[Extracted data entries]
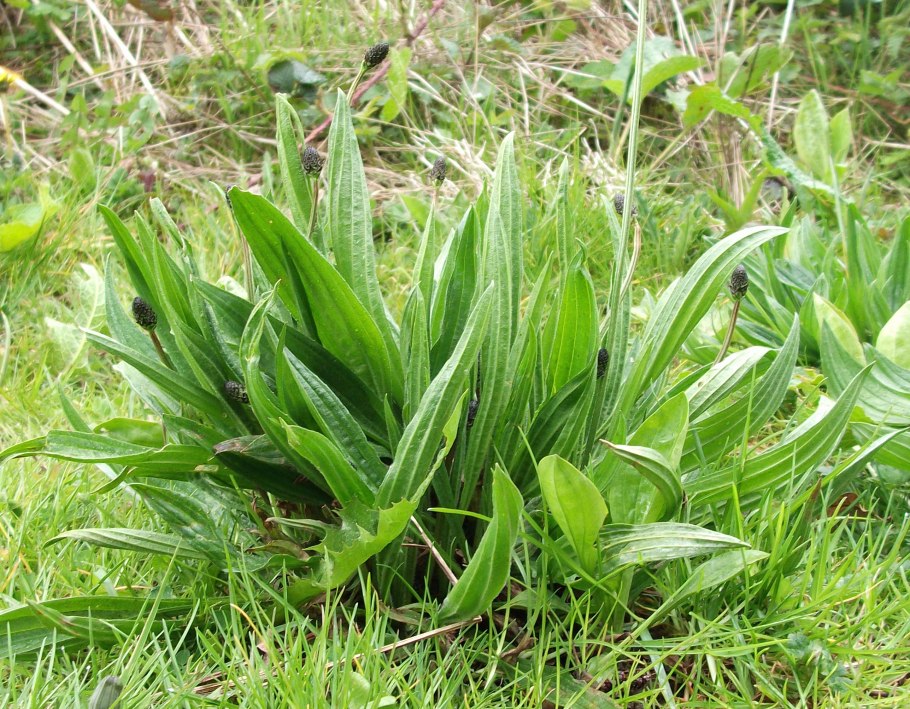 Подорожник ланцетолистный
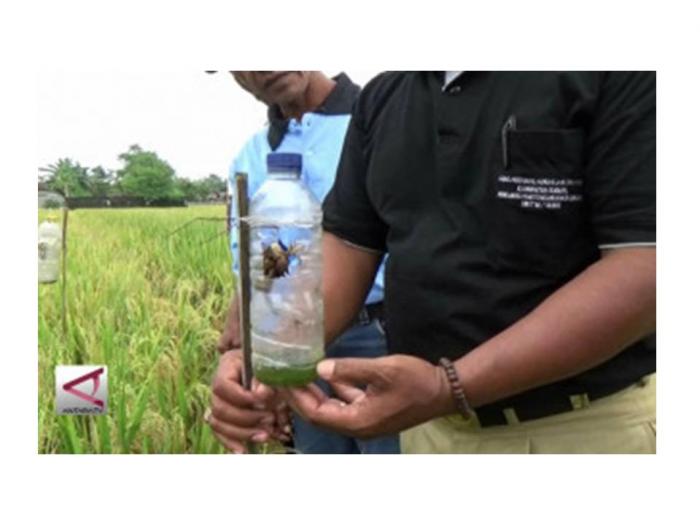 Pengendalian Hama Walang Sangit (Leptocorisa oratorius) Menggunakan Perangkap Kepiting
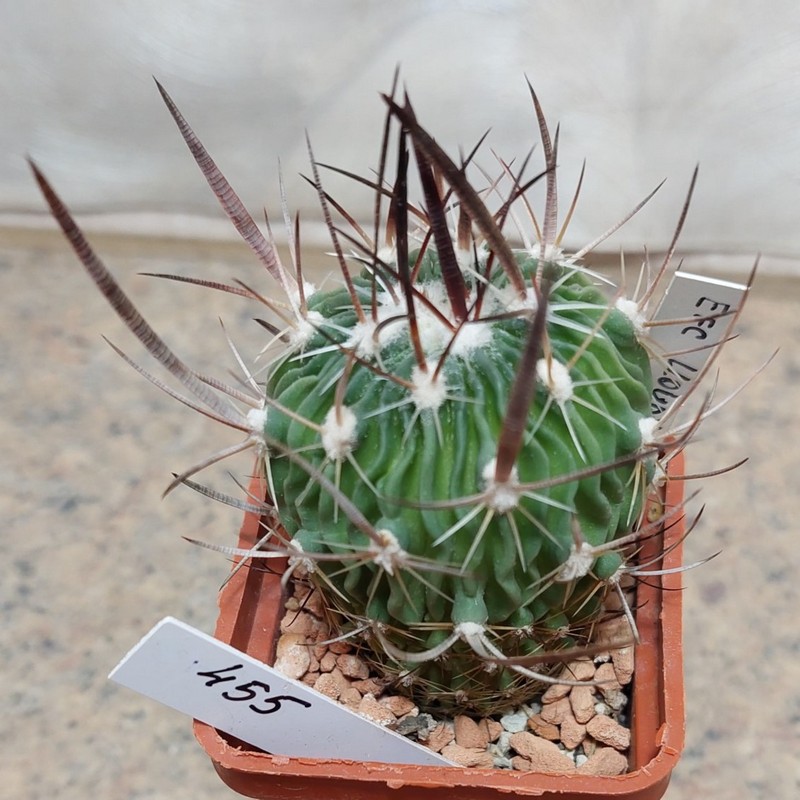 455 Echinofossulocactus lloydii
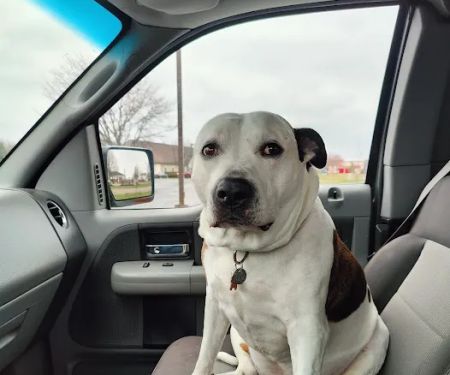 Healthy Pets of Rome Hilliard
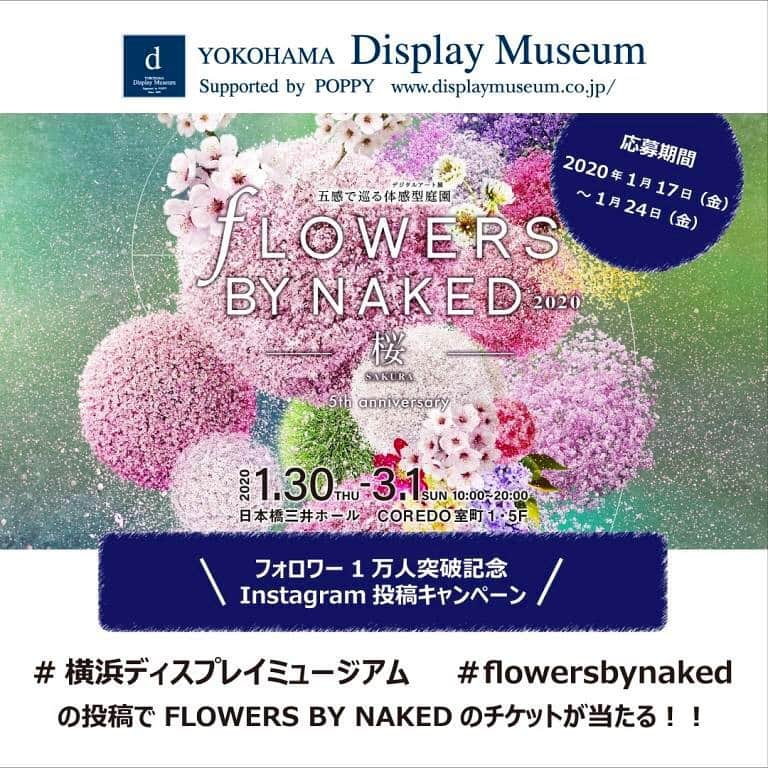 横浜ディスプレイミュージアムのインスタグラム：「【Instagramフォロワー1万人キャンペーン🌸】 いつも横浜ディスプレイミュージアムのインスタグラムをご覧いただきありがとうございます。 多くの皆様のおかげで、フォロワーが1万人を突破いたしました。 そこで、それを記念したキャンペーンを開催することになりました！ ・ ・ 「五感で巡る体験型庭園　"FLOWERS BY NAKED2020" を無料でご招待！！」 ・ ・ ＊応募期間＊ 2020年1月17日〜2020年1月24日 ・ ・ ＊応募方法＊ ①横浜ディスプレイミュージアムのアカウントをフォロー ②#横浜ディスプレイミュージアム #flowersbynaked の2つのタグをつけて、 ③ご自身のインスタグラムに投稿してください！ その際、FLOWERS BY NAKED2020”のページをご覧いただき、イベントに期待することや楽しみな点も載せて投稿してください✨ イベントHPはこちら→https://flowers.naked.works/2020nihonbashi/  期間中にご投稿いただいた方の中から抽選で50名様に 〜五感で巡る体験型庭園〜　"FLOWERS BY NAKED2020" の無料鑑賞券をプレゼントいたします🌼 (当選された方にはDMにてご連絡させていただきます。必ずこちらのアカウントをフォローの上ご応募ください)  皆さまのご応募、お待ちしております！！ ・  #横浜ディスプレイミュージアム #flowersbynaked ・ ・ #フラワーズバイネイキッド  #株式会社ポピー #横浜 #ディスプレイ#アーティフィシャルフラワー #フラワーアレンジメント #フラワーデザイン #装飾#デコレーション #花のある暮らし #花好きな人と繋がりたい #yokohama #flowerarrangement #artficialflower #flowerstagram」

(INSTRUCTIONS FOR THE TASK): Copy the records exactly as they appear, excluding images.

(EXPECTED OUTPUT):
 Подорожник ланцетолистный
 Pengendalian Hama Walang Sangit (Leptocorisa oratorius) Menggunakan Perangkap Kepiting
 455 Echinofossulocactus lloydii
 Healthy Pets of Rome Hilliard
 横浜ディスプレイミュージアムのインスタグラム：「【Instagramフォロワー1万人キャンペーン🌸】 いつも横浜ディスプレイミュージアムのインスタグラムをご覧いただきありがとうございます。 多くの皆様のおかげで、フォロワーが1万人を突破いたしました。 そこで、それを記念したキャンペーンを開催することになりました！ ・ ・ 「五感で巡る体験型庭園　"FLOWERS BY NAKED2020" を無料でご招待！！」 ・ ・ ＊応募期間＊ 2020年1月17日〜2020年1月24日 ・ ・ ＊応募方法＊ ①横浜ディスプレイミュージアムのアカウントをフォロー ②#横浜ディスプレイミュージアム #flowersbynaked の2つのタグをつけて、 ③ご自身のインスタグラムに投稿してください！ その際、FLOWERS BY NAKED2020”のページをご覧いただき、イベントに期待することや楽しみな点も載せて投稿してください✨ イベントHPはこちら→https://flowers.naked.works/2020nihonbashi/  期間中にご投稿いただいた方の中から抽選で50名様に 〜五感で巡る体験型庭園〜　"FLOWERS BY NAKED2020" の無料鑑賞券をプレゼントいたします🌼 (当選された方にはDMにてご連絡させていただきます。必ずこちらのアカウントをフォローの上ご応募ください)  皆さまのご応募、お待ちしております！！ ・  #横浜ディスプレイミュージアム #flowersbynaked ・ ・ #フラワーズバイネイキッド  #株式会社ポピー #横浜 #ディスプレイ#アーティフィシャルフラワー #フラワーアレンジメント #フラワーデザイン #装飾#デコレーション #花のある暮らし #花好きな人と繋がりたい #yokohama #flowerarrangement #artficialflower #flowerstagram」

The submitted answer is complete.